- Onllwyn Location within Neath Port Talbot
- Population: 1,194 (2011 census)
- OS grid reference: SN842102
- Principal area: Neath Port Talbot;
- Preserved county: West Glamorgan;
- Country: Wales
- Sovereign state: United Kingdom
- Post town: NEATH
- Postcode district: SA10
- Dialling code: 01639
- Police: South Wales
- Fire: Mid and West Wales
- Ambulance: Welsh
- UK Parliament: Neath;
- Senedd Cymru – Welsh Parliament: Neath;

= Onllwyn =

Village in Neath Port Talbot, Wales

Onllwyn (/cy/) is a small village and community in Neath Port Talbot, Wales, near Seven Sisters. The community area also covers the small settlements of Dyffryn Cellwen and Banwen. To the north is Coelbren, Powys, while to the east the Afon Pyrddin forms the boundaries of both Powys and the Brecon Beacons National Park.

==History==

First developed by the Romans, the local village Banwen sits astride the Roman road of Sarn Helen. There are two Roman forts and the remains of a further Roman road within the community.

Local tradition has it that St Patrick was born here and taken prisoner to Ireland by Irish raiders. A memorial stone in Banwen is the focus of celebrations and marches held on St Patrick's Day (March 17) to mark the event.

The parish was a centre of coal mining for over 200 years; there were once five pits that employed hundreds of men. Now all that remains is a coal washery and processing plant. On the route of the former Neath and Brecon Railway, there was a freight only line to the washery from the South Wales Main Line at Neath. The site of the washery (and the nearby Nant Helen surface mine) is being redeveloped as the Global Centre of Rail Excellence.

Onllwyn was involved in several 20th-century coal mining strikes which brought the town notoriety. The political, labour and cultural connections between Onllwyn and the American coal mining region of Appalachia grew into an in-person cultural exchange in the 1970s. Musical performances took place at Onllwyn Miners' Welfare Hall in 1976, including one by The Strange Creek Singers featuring American musicians Hazel Dickens, Alice Gerrard, Mike Seeger, Tracy Schwartz, and Lamar Grier.
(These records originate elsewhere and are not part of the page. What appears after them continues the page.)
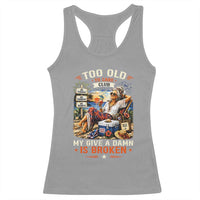 Too Old To Care Club Funny Retired Woman Beach Vacation Racerback Tank Top My Give A Damn Is Broken IDGAF Chill Mode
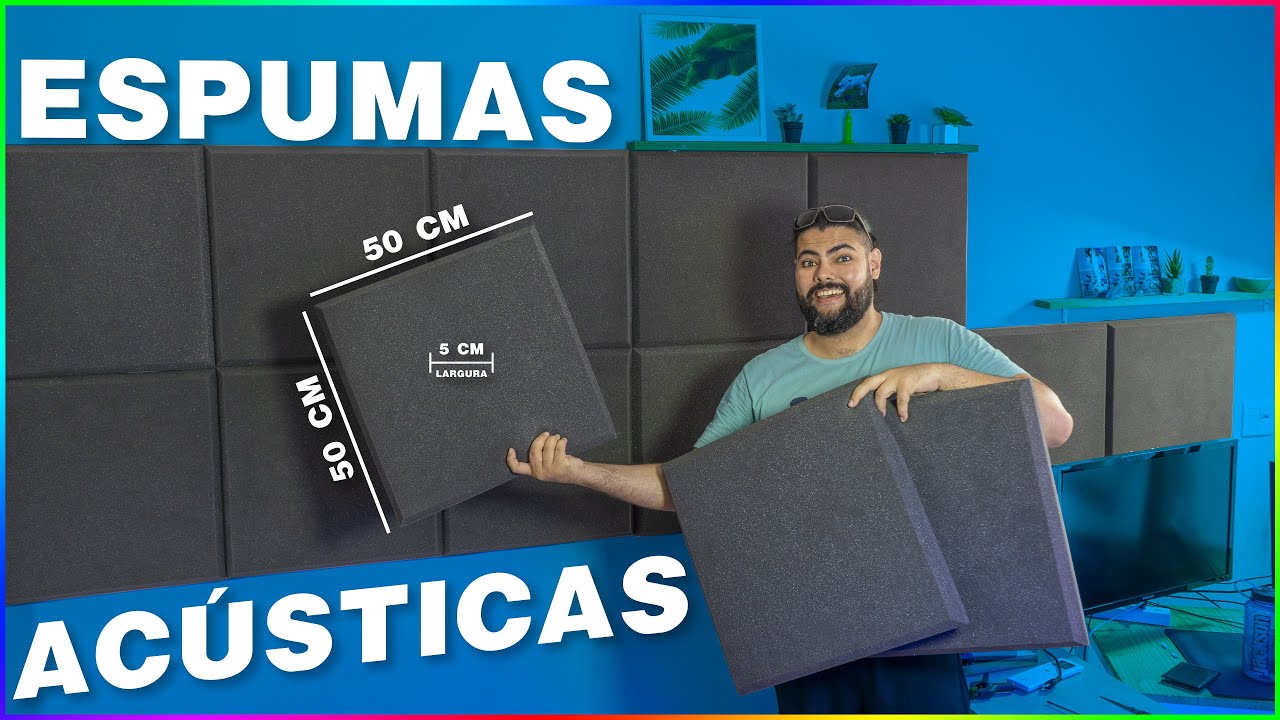 ESPUMAS ACUSTICAS ! Escolha e instalação !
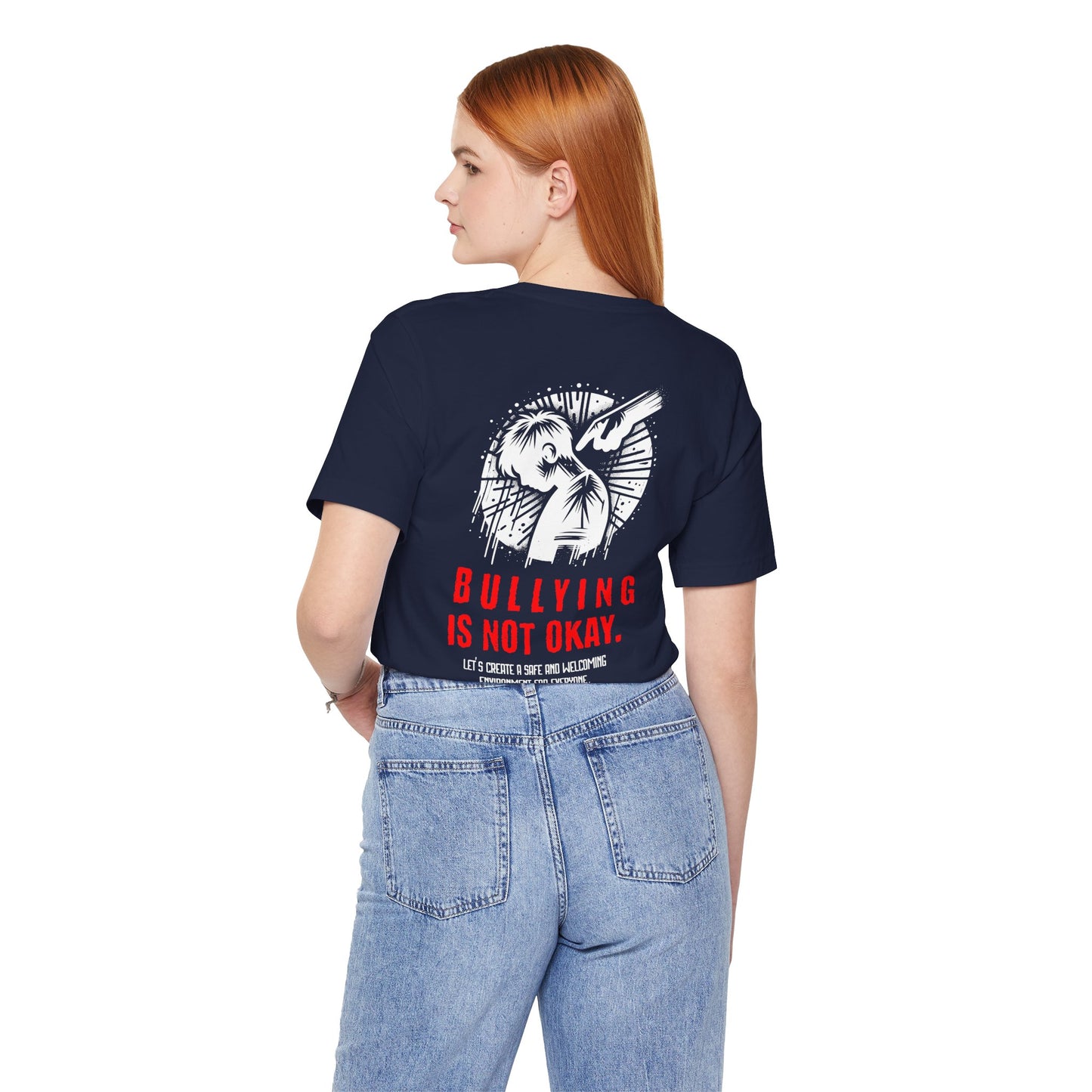 Bullying is NOT okay - Unisex T-shirt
The exchange was facilitated and filmed by Helen Lewis and John Gaventa.

Onllwyn was also the setting for Pride, the award-winning 2014 film written by Stephen Beresford and directed by Matthew Warchus. The movie chronicles the true story of a group of lesbian and gay activists who raised money to help families affected by the British miners' strike in 1984.

==Present==
Commanding views of the Brecon Beacons, this now semi-rural location is popular for retired people. There is a Community College, "Dove Workshops", village shop, post office, pub, and association football and rugby union teams.

==Government and politics==
Onllwyn is in the parliamentary constituency of Neath.

Following a 2020 boundary review by the Local Democracy and Boundary Commission for Wales, Onllwyn was joined by the neighbouring communities of Crynant and Seven Sisters to become 'Crynant, Onllwyn and Seven Sisters' electoral ward, effective from the 2022 local elections. Two councillors are elected to Neath Port Talbot County Borough Council.

The former ward of Onllwyn consisted of some or all of the following settlements: Banwen, Dyffryn Cellwen and Onllwyn.

Onllwyn was bounded by the wards of Abercraf and Tawe Uchaf (both in Powys) to the north; Glynneath to the southeast; and Seven Sisters to the south west.

In the 2017 local council elections, the electorate turnout was 42%. The results were:

| Candidate | Party | Votes | Status |
|---|---|---|---|
| George Cawsey | Labour | 273 | Labour hold |
| Peter Westall | Independent | 248 |  |

==Residents of note==
- Dai Francis, NUM trade unionist and father of MP Hywel Francis, was born in Onllwyn, and took as his bardic name "Dai o'r Onllwyn".